F-Secure’s decoy honeypot network that monitors cyber attacks around the world now sees more Mirai malware — which targets insecure IoT devices like webcams and routers — than any threats targeting PCs or smartphones. Persistent vulnerabilities in IoT devices rushed to market helped created this mess.
F-Secure Consulting continues to find vulnerabilities in so-called smart devices that are filling up offices and homes.
While conducting red team exercises to find vulnerabilities in office networks, our experts noticed the popularity the ClickShare presentation system and ended up identifying numerous vulnerabilities in the system. Our researchers also revealed weaknesses in a smart lock and a projector in just the last few weeks of 2019.
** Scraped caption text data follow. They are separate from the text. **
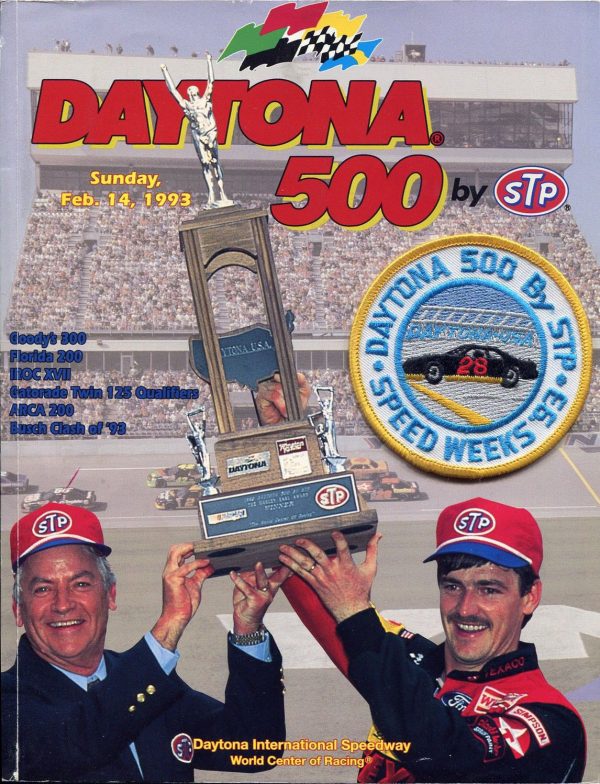 1993 Daytona 500 program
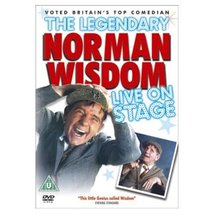 Norman Wisdom - Live On Stage [DVD] [DVD] - $27.46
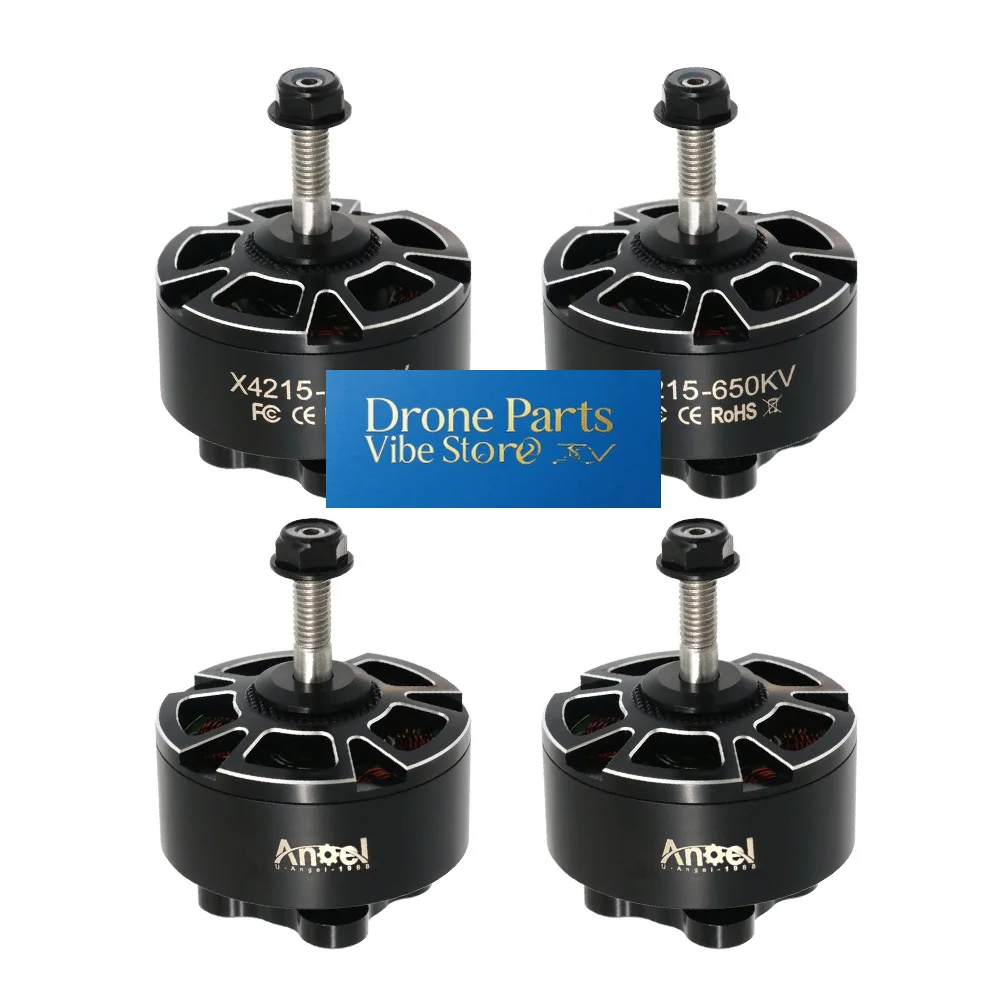 DParts4pcs/lot UAngel 4215 X4215 400KV 650KV Brushless Motor For 13 Inch FPV Drone Long Range /Cinematic/ Cinelifter FPV Motors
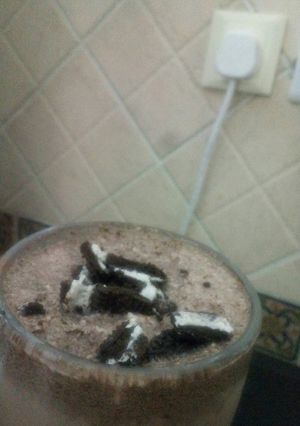 صورة لوصفة شراب الأوريو🍫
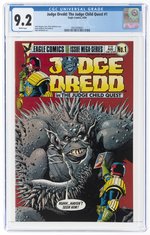 JUDGE DREDD: THE JUDGE CHILD QUEST #1 AUGUST 1984 CGC 9.2 NM-.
Concerns about the privacy policies of the Amazon Ring “smart” doorbell highlight the growing sense by consumers that the complications of securing a life where almost everything connects to the internet can be overwhelming.
In 2020, California will also roll out SB-327, the first law that regulates IoT security. But it only affects new devices.
That’s why F-Secure is working with internet security providers to offer protection for users’ connected home devices and identities that go well beyond what the current law expects.